Wednesday, May 03, 2006

Adding Colbert to the Fire



White House correspondents correspond - they also dine and do so at dinners.

Stephen Colbert is something I've decided to call a "value" comedian. That is, his main appeal is that he is a proponent of a view point and has found some novel way to express that viewpoint. His gift is not in adding anything new to any kind of debate, but in his ability to fold two aspects of something together in order to delineate an ironic kill zone. We like him because he says stuff we like to hear (or, as the case may be, says stuff we don't like to hear in a way we like to hear it). In today's NY Times story about Colbert's "address" (perhaps a bit of a misnomer) to the White House Correspondents' Association Dinner, reporter Jacques Steinberg calls John Stewart Colbert's "comedy patron," which also seems to me a strange misuse - Colbert is a beneficiary of Stewart's benevolent largesse, yeah, but moreso he comes off as Stewart's protege. Colbert's blustery, ironized rhetoric is the inverse of Stewart's fake unprofessionalism. Stewart is endearing while Colbert is kind of grotesque. One of Stewart's hugely powerful techniques is constantly reassuring the audience and his guests that he is no way a professional, that he is totally inept. In fact, if Stewart actually was any of those things, he would look a lot like Colbert's character. Stewart's repudiations of professionalism are in fact the marks of his professionalism, which makes him interesting. Colbert on the other hand, while probably wittier, more incisively satirical than Stewart, constantly looks constrained by his character, and breaks out at times to remind us, "Hey, it's me, Stephen! I'm not really a conservative blowhard!"

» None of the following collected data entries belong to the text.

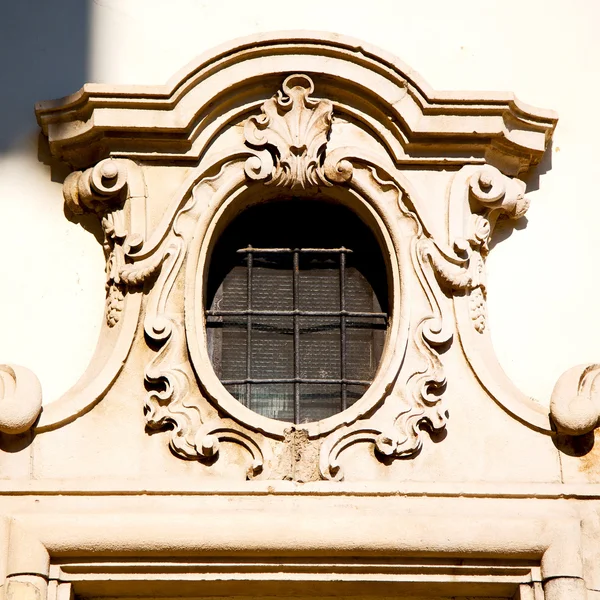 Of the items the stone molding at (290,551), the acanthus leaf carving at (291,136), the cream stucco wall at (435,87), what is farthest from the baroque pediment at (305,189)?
the stone molding at (290,551)

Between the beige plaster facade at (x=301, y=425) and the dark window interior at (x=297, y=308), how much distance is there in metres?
0.15

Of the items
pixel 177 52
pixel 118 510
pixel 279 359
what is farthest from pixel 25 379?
pixel 177 52

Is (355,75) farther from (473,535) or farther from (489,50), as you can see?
(473,535)

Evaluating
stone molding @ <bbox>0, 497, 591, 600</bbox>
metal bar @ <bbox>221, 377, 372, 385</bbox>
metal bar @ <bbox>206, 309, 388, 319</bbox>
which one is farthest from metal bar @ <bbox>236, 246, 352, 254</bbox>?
stone molding @ <bbox>0, 497, 591, 600</bbox>

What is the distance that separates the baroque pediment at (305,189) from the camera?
6980 millimetres

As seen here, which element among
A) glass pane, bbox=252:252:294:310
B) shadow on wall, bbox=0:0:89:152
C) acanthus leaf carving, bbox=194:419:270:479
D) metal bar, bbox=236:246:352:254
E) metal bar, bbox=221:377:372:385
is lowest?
acanthus leaf carving, bbox=194:419:270:479

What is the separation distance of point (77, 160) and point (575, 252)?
84.4 inches

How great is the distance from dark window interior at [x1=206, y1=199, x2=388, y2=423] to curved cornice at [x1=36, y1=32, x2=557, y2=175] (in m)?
0.42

Which is why I can kind of sympathize with all of the non-laughers at the WHCA Dinner. Read over the transcript and see how many lines Colbert either adapts or repeats verbatim from The Colbert Report. The concept of "truthiness" - the idea that truth is based on gut feelings rather than facts - has gone from an awesome bit on the show to the entire axis on which the The Colbert Report spins. Granted, it was a really good idea, but Colbert's constant references to it come off kind of clunky. It's the secret decoder ring to his entire show, but as an idee fixe, it doesn't seem quite rich enough to sustain the program for much longer. Those at the dinner who might have been prone to laugh already have laughed, and those who were not prone to laugh didn't. Which isn't to say it wasn't funny, it's just funny in the way Colbert is funny all of the time - and also nobody likes being lambasted right to their face.

I'm sure part of the silence had to come from the fact that this was a fake journalist delivering a pretty scathing endictment to a bunch of real journalists. And that there was none of the good-natured poking-fun-at-self that tends to defuse satire-gone-tense. This, of course, is where Stewart shines brightest - even though Stewart is pretty transparently liberal, he's not partisan, and he's certainly never above directing his jabs at himself. In his address, Colbert's targets were a) Republicans and/or B) Journalists. Lord help you if you're both, and Colbert's implicit claim is that, if you're a journalist, you are. This what makes the speech so brazen: Colbert condemns a handful of communities of which he is not a part, and then engages in no self-criticism at all, or even criticism of Democrats. Hence the bad reception: comedy only goes over when the comedian can align himself with his audience, and that certainly didn't happen. Stewart's Crossfire salvo was intended as a an act of self-policing - trying to get the (shudder) Newstainment people (of which he is one) at least to acknowledge their role in the discursive mess that is public political discussion. Colbert, neither journalist nor Republican, expected people to laugh with him at themselves, while he laughed at, not with (to be fair, his bit about Scalia went over like gangbusters with the man himself).

So maybe it's brave to make fun of the president while he's twenty feet away from you - the gesture is appreciated, for sure - it may be a bit much to expect him to laugh, too.